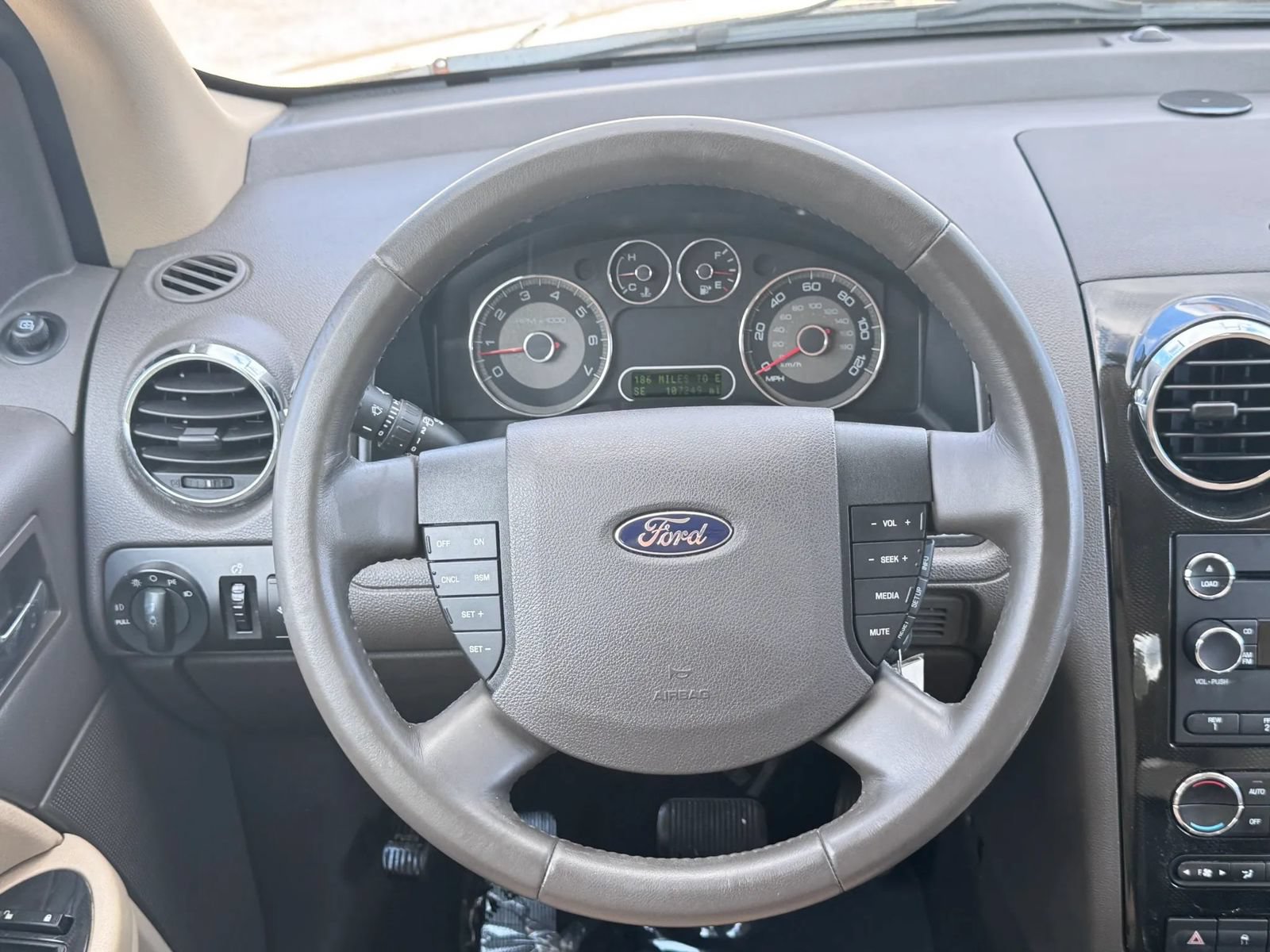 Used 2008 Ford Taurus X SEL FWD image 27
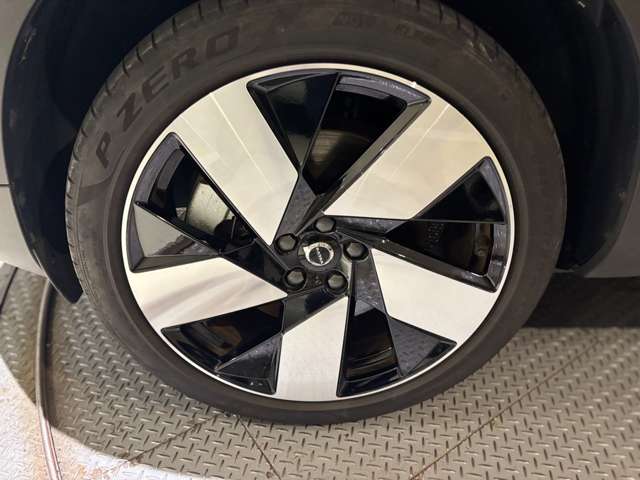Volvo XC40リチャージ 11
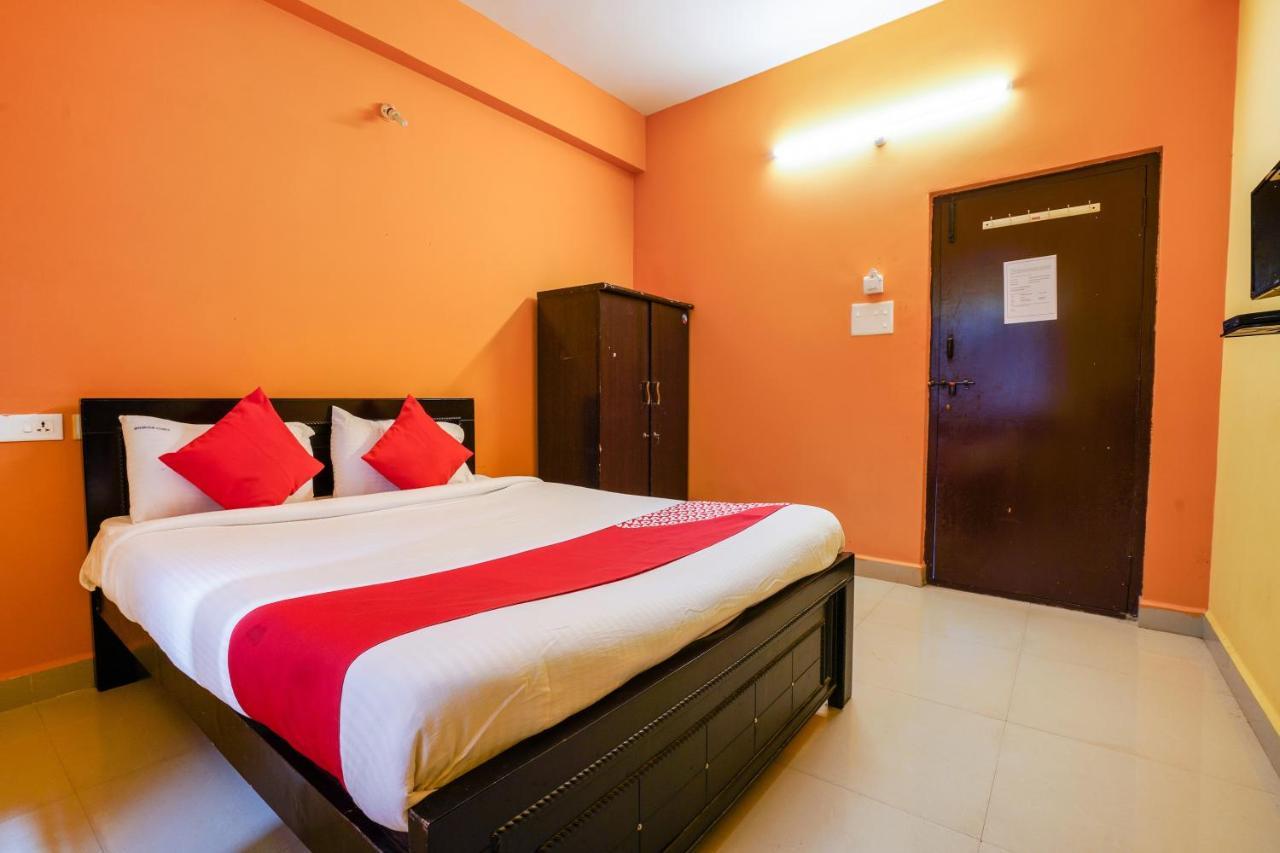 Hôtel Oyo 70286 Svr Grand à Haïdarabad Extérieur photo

• [Your assignment]
Return the data verbatim, leaving out the pictures it holds.

• [Task result]
 Used 2008 Ford Taurus X SEL FWD image 27
Volvo XC40リチャージ 11
 Hôtel Oyo 70286 Svr Grand à Haïdarabad Extérieur photo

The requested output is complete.